Ignorance Is No Excuse--Or Is It?

Last time I got a speeding ticket (just for the record, it's been a very long time), the officer didn't care that I didn't realize the speed limit was only 35 mph. As he told me, ignorance of the law is no excuse for breaking the law. Contrast that with consumer payments protections. Consumers can practice unsafe computing and expose their account information, yet regulations still protect them if an unauthorized payment is made using the information the consumer revealed. Although an unauthorized payment is transacted by someone else, the consumer, through his or her own behavior, may be aiding and abetting the lawbreaker.

As we study different payment types and channels here at the Retail Payments Risk Forum, a consistent theme has emerged: consumer behavior plays a significant role in payments issues, and consumer education is the antidote. Although the consumer may be protected from financial consequences even when they engage in unsafe online behavior, it is in everyone's best interest, including the consumer's, if the consumer is armed with enough information to behave safely and responsibly.

Take card payments and the conversion under way to EMV standards. As the cards are converted to a chip and reissued to consumers, the consumer will need to understand where and how the card can be used. Education will be critical if the chip implementation also includes the use of PINs. A recent analysis by DataGenetics shows that nearly 27 percent of PINs can easily be guessed by attempting 20 simple combinations such as "1234" or "0000." PINs can be an effective authentication method, if only the consumer is thoughtful in choosing a hard-to-guess PIN.
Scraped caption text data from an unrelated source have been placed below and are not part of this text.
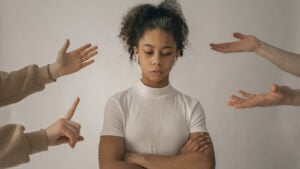 La frase que usan las personas con alta inteligencia emocional cuando las critican, y siempre funciona
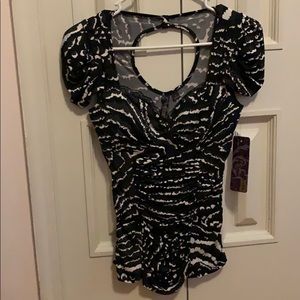 Black and white snake patter shirt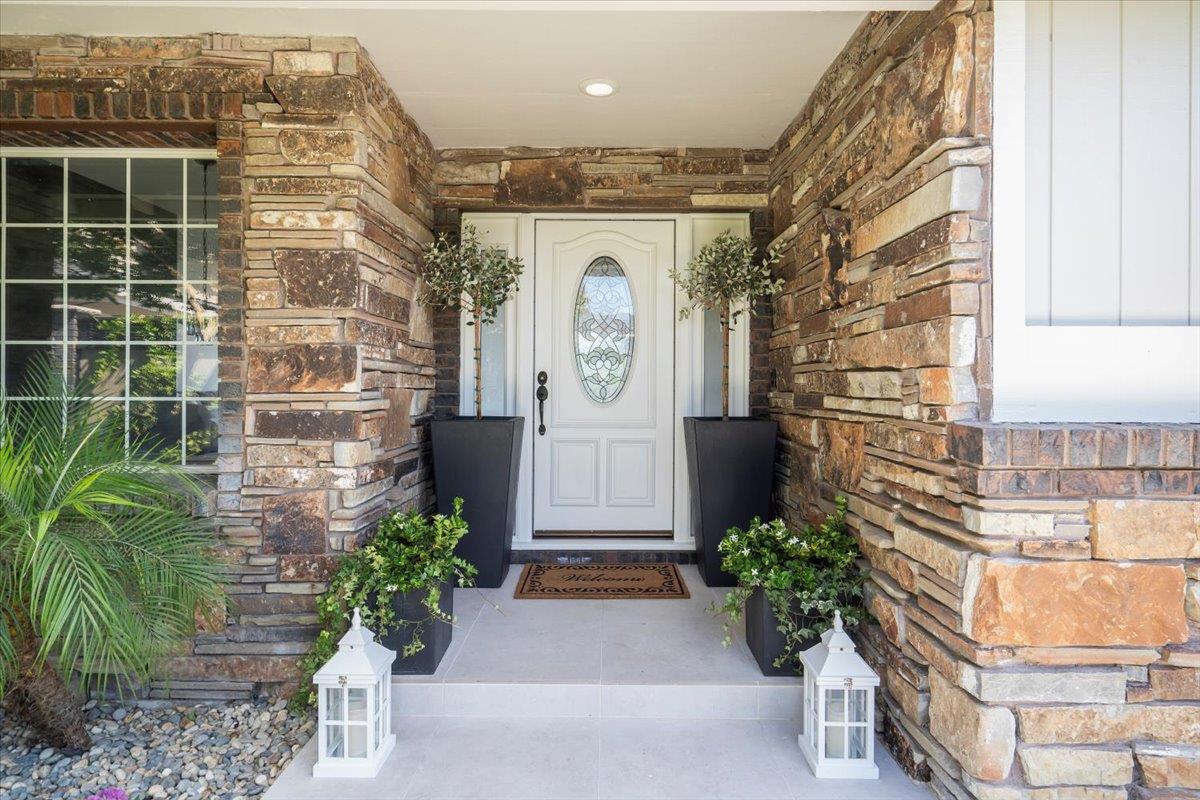Detail Gallery Image 8 of 146 For 1501 Welburn Ave, Gilroy,  CA 95020 - 5 Beds | 3/1 Baths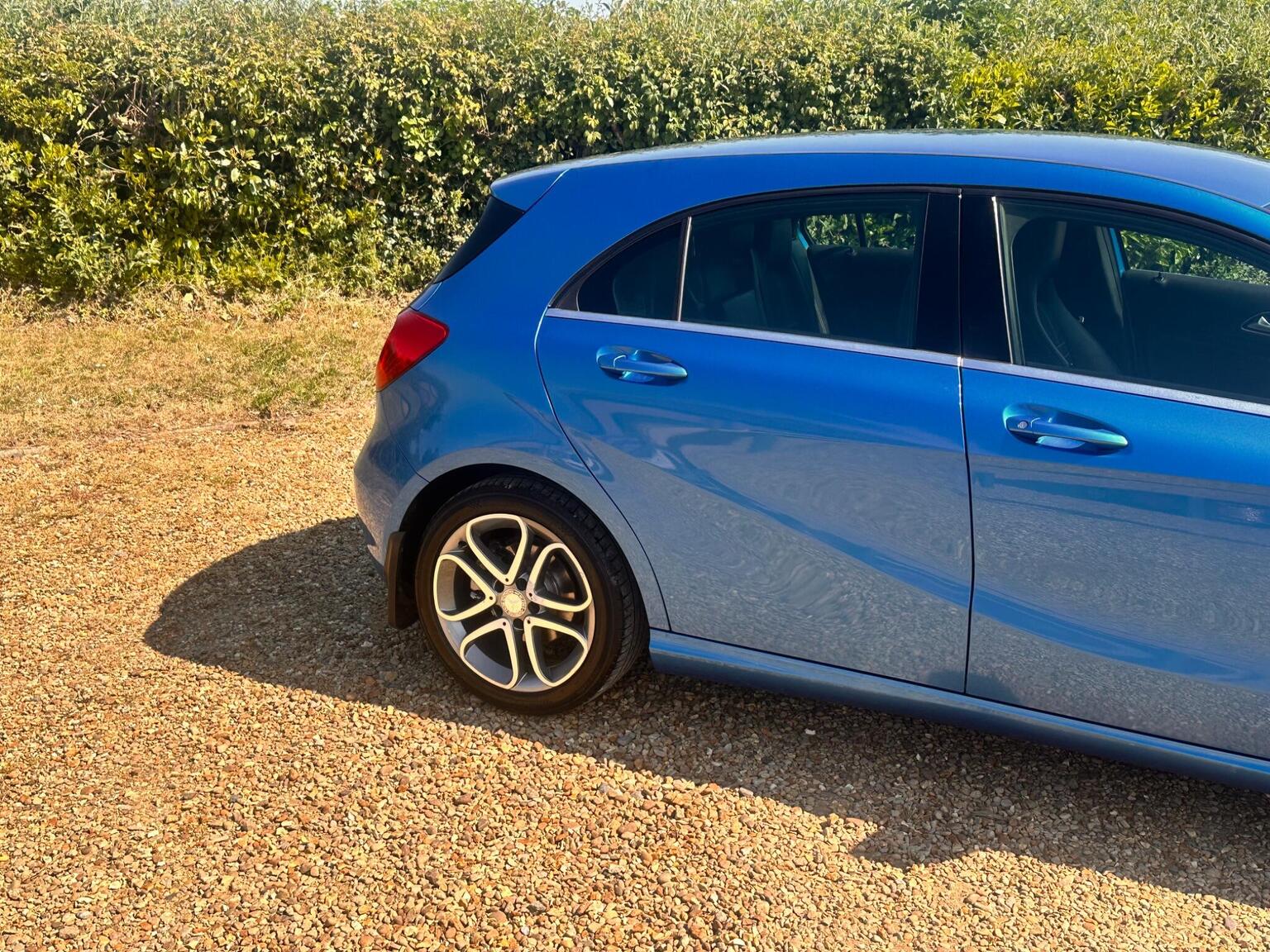 2014 Mercedes-Benz A CLASS 1.6 A180 Sport Euro 6 (s/s) 5dr, exterior view 4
Consider ACH payments and the dreaded account takeover. The information used to perpetrate an account takeover is sometimes gained through malware that enables key logging. The malware is installed on the consumer's computer most likely because of the consumer's unsafe computing practices, such as clicking on unfamiliar links and opening attachments sent by suspicious or unknown sources.
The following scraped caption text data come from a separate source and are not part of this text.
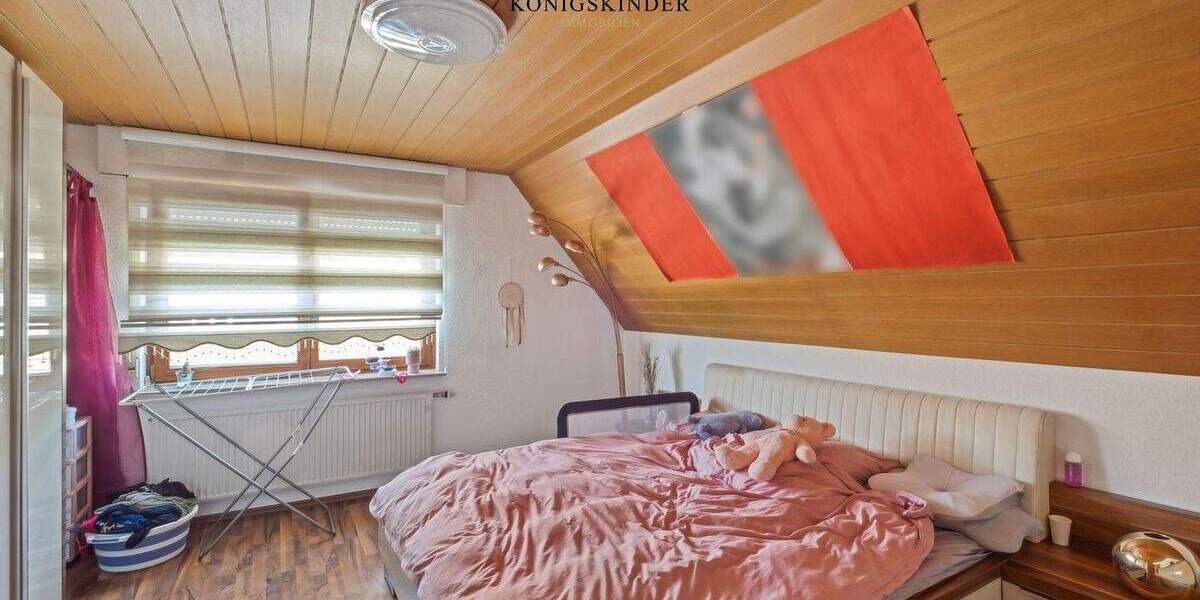 Mehrfamilienhaus, Wohnhaus Weinstadt Beutelsbach - 8 Zimmer, 269 m&sup2;, 930.000&euro; | Angebot:25676059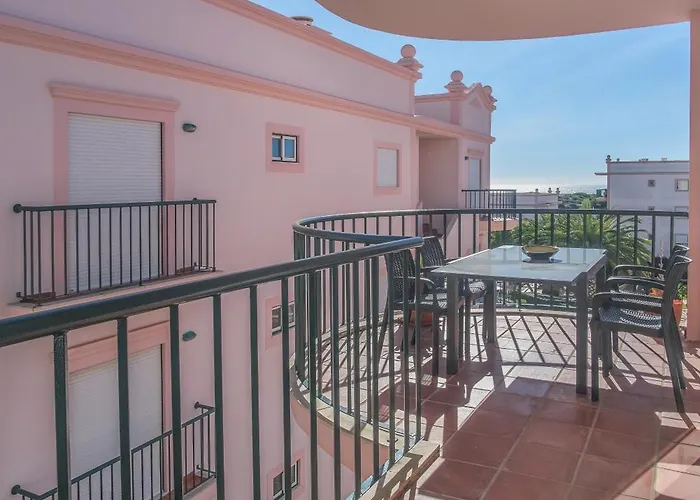 Casas-st 215, 3 Bedrooms,wi Fi, Air Con,shared Pool Praia Da Luz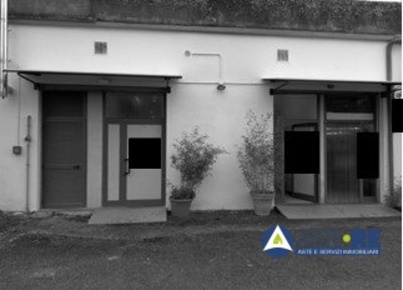 Foto Capannone industriale Viterbo Sacrario - Piazza della Rocca di 89 m²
The same is true for the emerging mobile channel, essentially a handheld computer with security considerations similar to the online channel. The September 2012 GAO report on Mobile Device Security concludes, "Mobile devices face an array of threats that take advantage of numerous vulnerabilities commonly found in such devices. These vulnerabilities can be the result of inadequate technical controls, but they can also result from the poor security practices of consumers." The report recognizes that many education and awareness efforts, both public and private, have occurred or are underway, but it remains unclear whether those efforts have raised consumer security awareness or had any beneficial effect on the security of the mobile device.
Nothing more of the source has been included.